American consumers might be excused for the love-hate relationship they have with the businesses that gather and collect personal information about them.
On one hand, consumers enjoy the benefits of targeted marketing that is enabled by data collection on their shopping and buying habits but, on the other hand, they have almost no faith and confidence that businesses will protect their personal data and prevent it from falling into the hands of a cyberattacker.
Every new story about data loss in a cyberattack, including, for example, Home Depot’s announcement that hackers had purloined the credit card information of more than 56 million of its customers, further erodes what little trust consumers still have in businesses.
An ironic aspect of this situation is that consumers generally take few of their own precautions to protect their personal information. They rely on businesses to protect that information and hold businesses accountable when that protection fails.

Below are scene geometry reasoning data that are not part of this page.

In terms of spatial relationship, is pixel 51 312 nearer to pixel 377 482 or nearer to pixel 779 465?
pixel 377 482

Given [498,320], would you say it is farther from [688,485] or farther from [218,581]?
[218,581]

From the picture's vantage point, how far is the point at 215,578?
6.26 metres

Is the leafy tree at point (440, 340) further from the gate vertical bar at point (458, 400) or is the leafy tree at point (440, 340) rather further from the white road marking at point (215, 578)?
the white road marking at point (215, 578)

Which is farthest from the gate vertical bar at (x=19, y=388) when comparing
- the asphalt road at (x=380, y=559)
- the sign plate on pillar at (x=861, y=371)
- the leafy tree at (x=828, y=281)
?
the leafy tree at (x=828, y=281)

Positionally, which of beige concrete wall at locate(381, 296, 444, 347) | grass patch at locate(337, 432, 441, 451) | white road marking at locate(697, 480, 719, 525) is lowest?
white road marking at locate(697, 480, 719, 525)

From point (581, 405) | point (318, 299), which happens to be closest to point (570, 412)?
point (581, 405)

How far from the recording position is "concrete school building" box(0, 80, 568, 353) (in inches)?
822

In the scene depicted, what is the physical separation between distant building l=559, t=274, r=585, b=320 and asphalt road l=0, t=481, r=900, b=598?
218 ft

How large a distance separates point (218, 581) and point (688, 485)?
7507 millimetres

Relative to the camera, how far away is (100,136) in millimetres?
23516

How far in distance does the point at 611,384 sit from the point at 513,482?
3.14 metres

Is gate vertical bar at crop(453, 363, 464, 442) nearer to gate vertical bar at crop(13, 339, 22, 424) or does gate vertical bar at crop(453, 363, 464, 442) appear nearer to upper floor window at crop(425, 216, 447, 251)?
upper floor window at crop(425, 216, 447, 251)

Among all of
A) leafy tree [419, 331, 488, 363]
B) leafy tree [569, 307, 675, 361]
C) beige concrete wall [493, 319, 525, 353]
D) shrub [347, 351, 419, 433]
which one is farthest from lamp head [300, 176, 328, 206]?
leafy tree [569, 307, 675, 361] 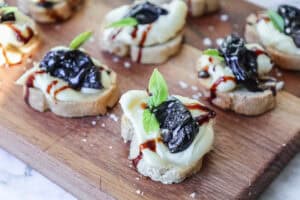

Businesses can recover some degree of consumer trust after a data breach by following a five-step approach:
- Apologize and accept responsibility for the data breach;
- Neutralize the damage by reimbursing consumers for losses;
- Prevent further data breaches;
- Rebuild with sales, discounts, and other promotions to bring consumers back to the business; and
- Reward consumers for their loyalty.
Target followed this approach after it was hit with a data breach in 2013 that resulted in a loss of more than 40 million customer records. Shortly after regaining control of its systems, the company published a full-page apology in several newspapers and implemented new data security procedures. The company also reimbursed more than $10 million of customer losses and settled litigation for $39 million.
The long-term effects of the breach on Target’s health remain to be seen. Large companies like Target are fortunate to have ample resources to respond to the data breach quickly and to reimburse customers and settle lawsuits. Small and midsize companies, and even several large companies may not be so fortunate, particularly if the costs of data breaches grow.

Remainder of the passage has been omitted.